Court Opinion

ID: 9475721
Source: CourtListenerOpinion
Date Created: 2023-08-05 05:36:30.655434+00
Date Added: 2024-06-11T17:44:53.691903
License: Public Domain

WIGGINS, Circuit Judge,
dissenting:
If the present opinion becomes the law of this circuit, I conclude that many, and perhaps all, Terry stops that rely upon drug courier profile characteristics may fail on constitutional grounds. Because I believe such an unfortunate result is not mandated by the law, I respectfully dissent.
Under a limited exception to the general fourth amendment rule that seizure of a person requires probable cause to arrest, an agent may justifiably detain a person if the agent is aware of specific and articulable facts creating a reasonable suspicion that the person has committed or is about to commit a crime. Terry v. Ohio, 392 U.S. 1, 21-22, 88 S.Ct. 1868, 1879-80, 20 L.Ed.2d 889 (1968); Florida v. Boyer, 460 U.S. 491, 498, 103 S.Ct. 1319, 1324, 75 L.Ed.2d 229 (1983). One important law enforcement tool developed by the Drug Enforcement Administration to aid in the detection of drug traffickers is the so-called “drug courier profile”. The profile involves a number of characteristics, all of which, both singly and collectively, are in themselves lawful.
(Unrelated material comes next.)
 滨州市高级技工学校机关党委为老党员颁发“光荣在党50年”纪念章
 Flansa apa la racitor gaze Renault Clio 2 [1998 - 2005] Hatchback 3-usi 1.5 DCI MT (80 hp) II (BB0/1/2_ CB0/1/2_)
Because conformance with some aspects of the profile could “describe a very large category of presumably innocent travelers, who would be subject to virtually random seizures,” Reid v. Georgia, 448 U.S. 438, 441, 100 S.Ct. 2752, 2754, 65 L.Ed.2d 890 (1980), the particular facts in each case must support a reasonable suspicion of criminal activity before a Terry stop is justified, id.
In,this case, the question is whether the agents possessed reasonable and articulable suspicion that Sokolow was engaged in narcotics trafficking. First, the evidence discloses that Sokolow paid $2100 for his tickets from a stack of twenty dollar bills approximately double that amount. Although the question is close, I agree with the court that standing alone this evidence is not enough to support a valid Terry stop. However, such activity is sufficiently suspicious that the addition of few other relatively anomalous characteristics could support a founded suspicion of illegal activity. Innocent persons do not characteristically carry thousands of dollars in twenty dollar bills on their persons, and narcotics agents would be unlikely to ensnare a “large category of presumably innocent” persons, Reid, 448 U.S. at 441, 100 S.Ct. at 2754, if this characteristic were accorded substantial weight. I do not understand the court’s contention that carrying such a wad of bills is not evidence of “ongoing” criminal activity, while “appearing nervous, or taking evasive action” is such evidence. People may be nervous for a variety of reasons, one of which is that they are engaged in illegal activity. People may also carry large amounts of cash for a variety of reasons, for example, to conceal illicit travel patterns, or to buy drugs.
Despite the majority’s assertion, the agents did not rely alone on the cash payment to the airline. They also traced Sokolow’s travel pattern. He flew from Honolulu to Miami, a known drug source city, on July 22, and returned on July 25, a very short time when one considers it takes a minimum of ten hours to travel each way. He carried only carry-on luggage. These relatively anomalous characteristics serve to enhance the suspicious circumstances of the large cash purchase of the tickets. In United States v. Erwin, 803 F.2d 1505, 1511 (9th Cir.1986), this court concluded that arrival from a drug source city after a one day stay with only carry-on luggage required further particularized evidence to establish founded suspicion. The Erwin court concluded that defendant’s nervous behaviour, circuitous route through the airport and possible effort to conceal the truth fulfilled the requirement of particularized evidence. I submit that this defendant’s *1373payment of his airline ticket with thousands of dollars in twenty dollar bills coupled with his general travel pattern and behavior are more objectively suspicious than the facts on which the Erwin court relied.1
The majority has decided there was not reasonable suspicion for a Terry stop by looking at each evidentiary factor discretely. We should view the whole mosaic rather than each tile. United States v. Ramirez-Cifuentes, 682 F.2d 337, 342 (2nd Cir.1982). Defendant’s conduct established a reasonable suspicion of narcotics trafficking sufficient to warrant a valid investigative stop.

. The Erwin court relied heavily on defendant’s use of an allegedly circuitous route through the airport to distinguish itself from Reid where defendant’s arrival in the early morning from a drug source city without checked luggage was held to be too generalized to constitutionally warrant a Terry stop. I dissented in Erwin because I disagreed with the majority that a circuitous route and possibly implausible explanation were sufficient facts to distinguish Erwin from Reid, and because I believed the record did not support the court’s conclusion that, the defendant was “nervous” before he was detained. I take the opposite view here because I believe the agents’ suspicions were reasonably backed by specific facts that would not apply wholesale to innocent persons. Erwin, 803 F.2d at 1511-13 (Wiggins, J., dissenting).